To construct read_iov, the sender needs to make sure that the send buffer is registered with the
EFA device and fills in the registration key in read_iov.
There are two ways to achieve that:
First, if the buffer has already been registered with the device, the application will provide a memory descriptor along with the send buffer. The registration key can be extracted from this descriptor.
Second, if the buffer has not been registered with the EFA device, the sender needs to register the buffer in-line and can retrieve the key from the registrtion. Note, because memory registration is a limited resource, it is possible for memory registration to fail and the sender needs to be able to handle this case.
Upon receiving a long-read RTM, the receiver will use RDMA read to read data from the application's send buffer (sender) to the application's receive buffer (receiver) - which will avoid copies into the receiver's posted bounce buffer pool. That is why this subprotocol is sometimes referred to as zero-copy.

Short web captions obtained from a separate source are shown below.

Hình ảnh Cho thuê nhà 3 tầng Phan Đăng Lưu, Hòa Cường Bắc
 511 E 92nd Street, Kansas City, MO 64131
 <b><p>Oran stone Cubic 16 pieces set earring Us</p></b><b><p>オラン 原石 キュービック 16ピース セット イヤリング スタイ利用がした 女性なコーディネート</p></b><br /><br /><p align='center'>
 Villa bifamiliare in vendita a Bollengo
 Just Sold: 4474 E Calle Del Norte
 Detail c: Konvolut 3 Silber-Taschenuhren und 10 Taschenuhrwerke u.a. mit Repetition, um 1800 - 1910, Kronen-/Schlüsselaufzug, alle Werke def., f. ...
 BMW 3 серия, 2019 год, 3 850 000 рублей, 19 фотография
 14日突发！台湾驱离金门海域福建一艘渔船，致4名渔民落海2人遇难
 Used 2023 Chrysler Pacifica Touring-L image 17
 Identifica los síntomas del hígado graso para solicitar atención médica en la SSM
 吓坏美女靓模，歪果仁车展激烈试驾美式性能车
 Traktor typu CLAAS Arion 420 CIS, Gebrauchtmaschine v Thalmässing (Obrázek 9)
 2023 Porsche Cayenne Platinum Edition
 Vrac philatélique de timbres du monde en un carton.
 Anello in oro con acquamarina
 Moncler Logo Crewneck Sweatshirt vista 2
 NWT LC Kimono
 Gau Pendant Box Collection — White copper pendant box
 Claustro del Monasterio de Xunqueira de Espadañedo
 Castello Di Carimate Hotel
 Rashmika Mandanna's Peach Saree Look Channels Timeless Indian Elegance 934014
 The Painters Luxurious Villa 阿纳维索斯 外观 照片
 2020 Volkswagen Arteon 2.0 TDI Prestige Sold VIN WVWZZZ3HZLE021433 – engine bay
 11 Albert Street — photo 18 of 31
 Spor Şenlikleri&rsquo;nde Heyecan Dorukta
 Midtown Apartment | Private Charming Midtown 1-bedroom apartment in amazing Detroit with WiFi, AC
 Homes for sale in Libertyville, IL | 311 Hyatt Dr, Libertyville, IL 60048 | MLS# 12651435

After all reads are finished, the receiver will send an EOR packet to the requester to notify it that the work has completed.
The binary format of the EOR packet is listed in table 4.2
Table: 4.2 Format of the EOR packet
| Name | Length (bytes) | Type | C language type | Notes |
|---|---|---|---|---|
type |
1 | integer | uint8_t |
part of base header |
version |
1 | integer | uint8_t |
part of base header |
flags |
2 | integer | uint16_t |
part of base header |
send_id |
4 | integer | uint32_t |
ID of the send operation |
recv_id |
4 | integer | uint32_t |
ID of the receive operation |
multiuse(connid/padding) |
4 | integer | uint32_t |
connid if CONNID_HDR is set, otherwise padding |
The field multiuse has been introduced before when introducing the CTS packet (table 3.6).
It is a multi-purpose field which can be used to store connid or as a padding
space, depending on whether the CONNID_HDR universal flag is toggled in flags. See section 4.4
for more information about the field connid.
The emulated long-read write subprotocol uses RDMA read to emulate a write operation.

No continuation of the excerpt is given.